### WORK TASK
Only the lines below from the one containing "LOT 659: Vintage/Antique Brass Bed" to the one containing "Sweet Peach lip" should be repeated, both included and unchanged.

::: DATASET RECORDS

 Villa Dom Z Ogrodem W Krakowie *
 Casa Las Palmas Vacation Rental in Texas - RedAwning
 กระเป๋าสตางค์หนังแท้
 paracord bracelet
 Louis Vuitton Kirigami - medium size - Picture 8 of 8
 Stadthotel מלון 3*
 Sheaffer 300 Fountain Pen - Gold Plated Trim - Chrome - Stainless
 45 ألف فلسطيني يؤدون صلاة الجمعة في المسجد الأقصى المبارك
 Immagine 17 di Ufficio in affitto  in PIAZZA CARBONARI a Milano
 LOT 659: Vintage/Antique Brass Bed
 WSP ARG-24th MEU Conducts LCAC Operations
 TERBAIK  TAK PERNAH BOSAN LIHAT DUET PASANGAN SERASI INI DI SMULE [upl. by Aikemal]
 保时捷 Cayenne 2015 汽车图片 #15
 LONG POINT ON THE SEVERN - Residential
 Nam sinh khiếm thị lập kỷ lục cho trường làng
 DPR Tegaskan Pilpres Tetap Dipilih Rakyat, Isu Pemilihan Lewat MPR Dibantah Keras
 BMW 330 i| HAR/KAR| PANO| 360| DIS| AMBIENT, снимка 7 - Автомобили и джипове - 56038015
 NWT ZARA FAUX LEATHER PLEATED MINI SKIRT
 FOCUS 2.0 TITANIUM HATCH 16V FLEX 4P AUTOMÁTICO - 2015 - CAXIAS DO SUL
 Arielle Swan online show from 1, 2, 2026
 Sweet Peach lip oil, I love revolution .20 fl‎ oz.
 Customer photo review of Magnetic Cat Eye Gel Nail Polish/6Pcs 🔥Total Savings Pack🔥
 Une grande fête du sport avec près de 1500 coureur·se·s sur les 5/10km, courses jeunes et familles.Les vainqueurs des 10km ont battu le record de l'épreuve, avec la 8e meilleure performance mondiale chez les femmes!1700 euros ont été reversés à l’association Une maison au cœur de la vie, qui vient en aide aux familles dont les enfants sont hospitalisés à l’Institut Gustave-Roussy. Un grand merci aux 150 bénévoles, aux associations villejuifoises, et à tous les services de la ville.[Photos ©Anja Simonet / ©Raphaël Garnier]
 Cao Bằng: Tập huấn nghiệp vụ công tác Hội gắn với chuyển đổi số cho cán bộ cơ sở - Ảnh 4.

::::::

### PROBLEM SOLUTION
 LOT 659: Vintage/Antique Brass Bed
 WSP ARG-24th MEU Conducts LCAC Operations
 TERBAIK  TAK PERNAH BOSAN LIHAT DUET PASANGAN SERASI INI DI SMULE [upl. by Aikemal]
 保时捷 Cayenne 2015 汽车图片 #15
 LONG POINT ON THE SEVERN - Residential
 Nam sinh khiếm thị lập kỷ lục cho trường làng
 DPR Tegaskan Pilpres Tetap Dipilih Rakyat, Isu Pemilihan Lewat MPR Dibantah Keras
 BMW 330 i| HAR/KAR| PANO| 360| DIS| AMBIENT, снимка 7 - Автомобили и джипове - 56038015
 NWT ZARA FAUX LEATHER PLEATED MINI SKIRT
 FOCUS 2.0 TITANIUM HATCH 16V FLEX 4P AUTOMÁTICO - 2015 - CAXIAS DO SUL
 Arielle Swan online show from 1, 2, 2026
 Sweet Peach lip oil, I love revolution .20 fl‎ oz.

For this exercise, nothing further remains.